Anetta Kristof, Horak Ales, Wojakowski Wojciech, Wita Krystian, Jadczyk Tomasz
Natural Language Processing Centre, Faculty of Informatics, Masaryk University, 602 00 Brno, Czech Republic.
Department of Cardiology and Structural Heart Diseases, School of Medicine in Katowice, Medical University of Silesia, 40-055 Katowice, Poland.
J Pers Med. 2022 May 25;12(6):869. doi: 10.3390/jpm12060869.
Electronic health records naturally contain most of the medical information in the form of doctor's notes as unstructured or semi-structured texts. Current deep learning text analysis approaches allow researchers to reveal the inner semantics of text information and even identify hidden consequences that can offer extra decision support to doctors. In the presented article, we offer a new automated analysis of Polish summary texts of patient hospitalizations. The presented models were found to be able to predict the final diagnosis with almost 70% accuracy based just on the patient's medical history (only 132 words on average), with possible accuracy increases when adding further sentences from hospitalization results; even one sentence was found to improve the results by 4%, and the best accuracy of 78% was achieved with five extra sentences. In addition to detailed descriptions of the data and methodology, we present an evaluation of the analysis using more than 50,000 Polish cardiology patient texts and dive into a detailed error analysis of the approach. The results indicate that the deep analysis of just the medical history summary can suggest the direction of diagnosis with a high probability that can be further increased just by supplementing the records with further examination results.

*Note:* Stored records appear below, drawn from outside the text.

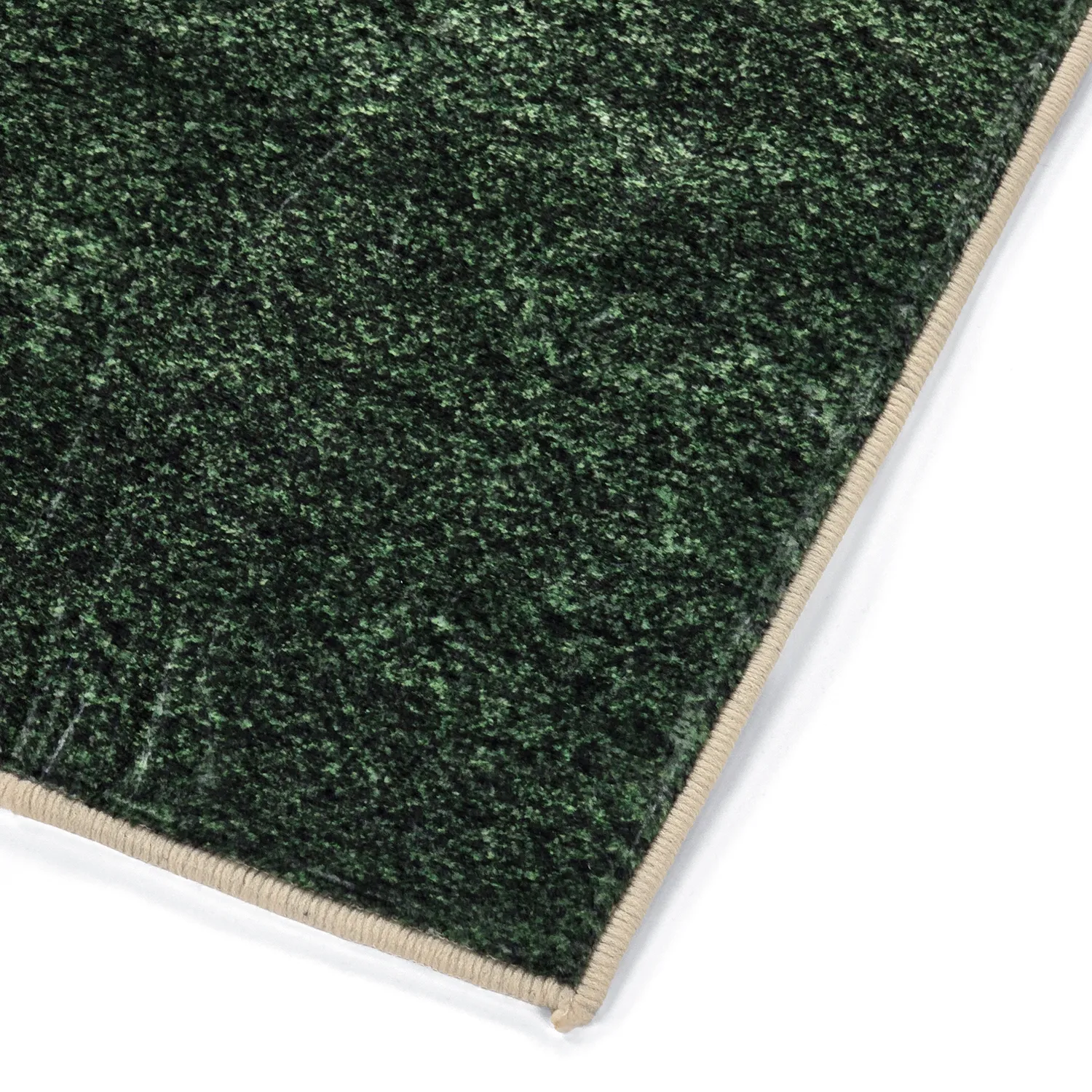 Tapete Wilton - Bacalar (verde escuro)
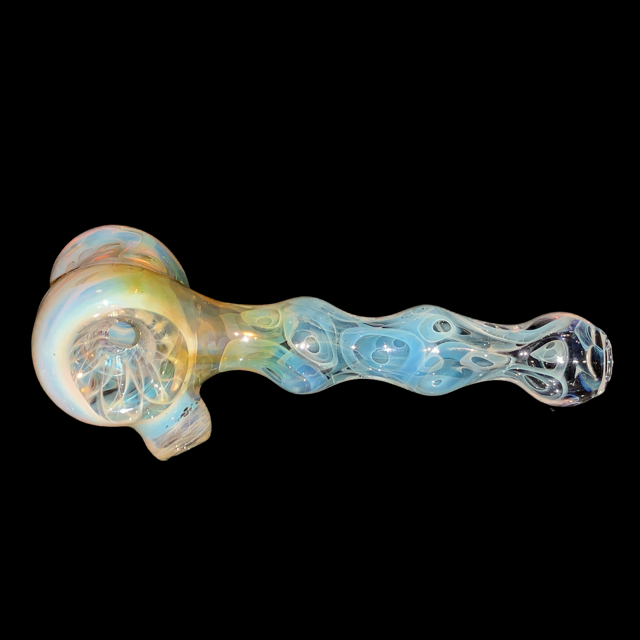 Brad Tenner Heady Blue Eyed Stoner Mini Hammer New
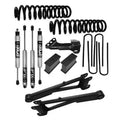 0810 FORD F250/350 2IN COIL SPRING LIFT KITW/ RADIUS ARMS & FOX SHOCKS
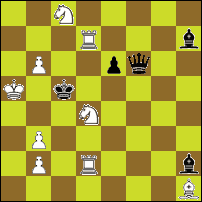 Шахматная задача №85912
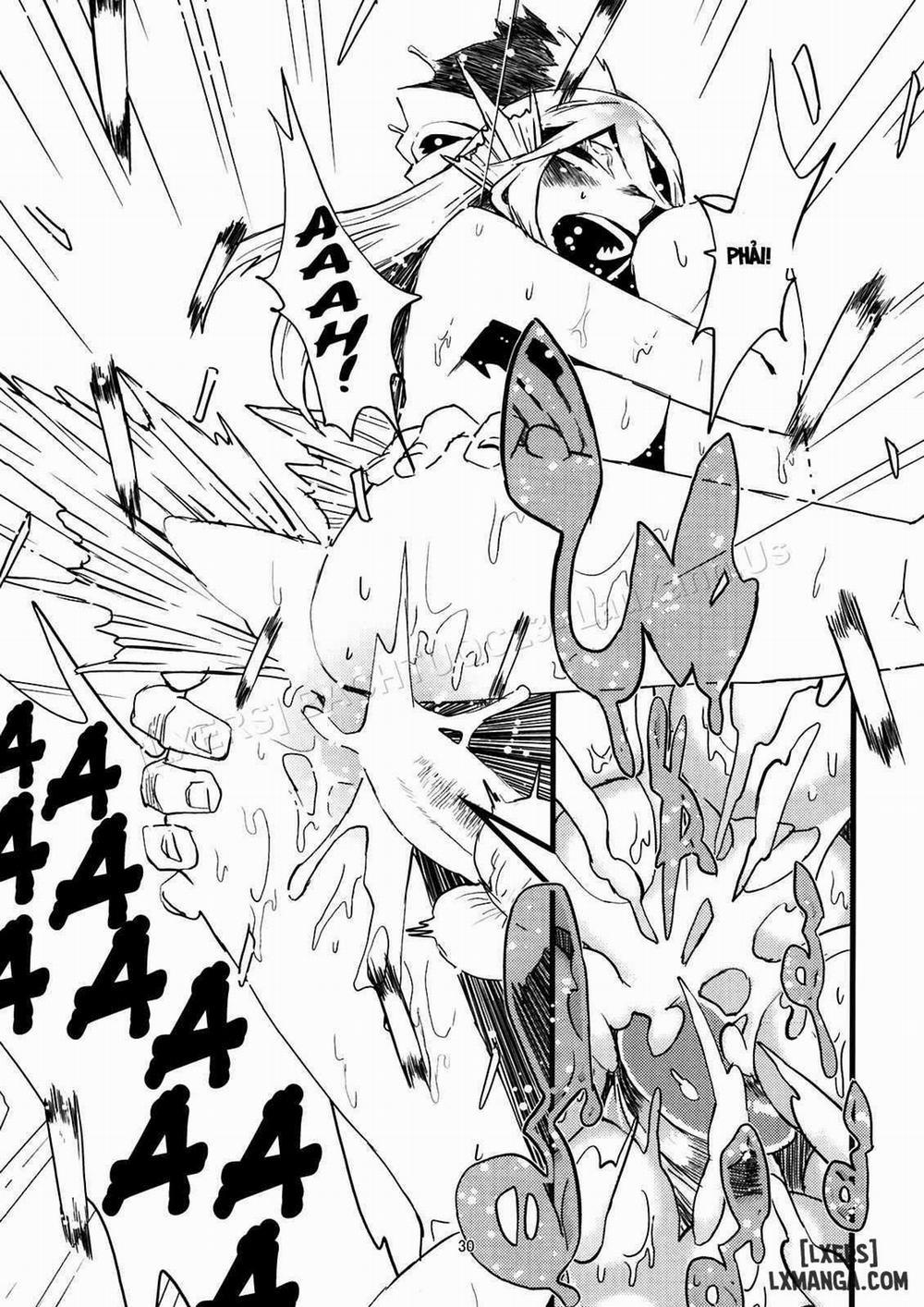 Jingai Haruman 4 trang 30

电子健康记录自然包含大部分医学信息,这些信息以医生笔记的形式呈现,为非结构化或半结构化文本。当前的深度学习文本分析方法使研究人员能够揭示文本信息的内在语义,甚至识别出可为医生提供额外决策支持的潜在结果。在本文中,我们对波兰语的患者住院摘要文本进行了新的自动化分析。研究发现,所提出的模型仅基于患者的病史(平均仅132个单词)就能以近70%的准确率预测最终诊断,若加入住院结果中的更多句子,准确率可能会提高;甚至发现加入一句话就能使结果提高4%,加入五句额外的句子时达到了最佳准确率78%。除了对数据和方法的详细描述外,我们还使用50000多篇波兰语心脏病患者文本对分析进行了评估,并深入探讨了该方法的详细误差分析。结果表明,仅对病史摘要进行深入分析就能大概率地提示诊断方向,通过补充进一步的检查结果记录可进一步提高该概率。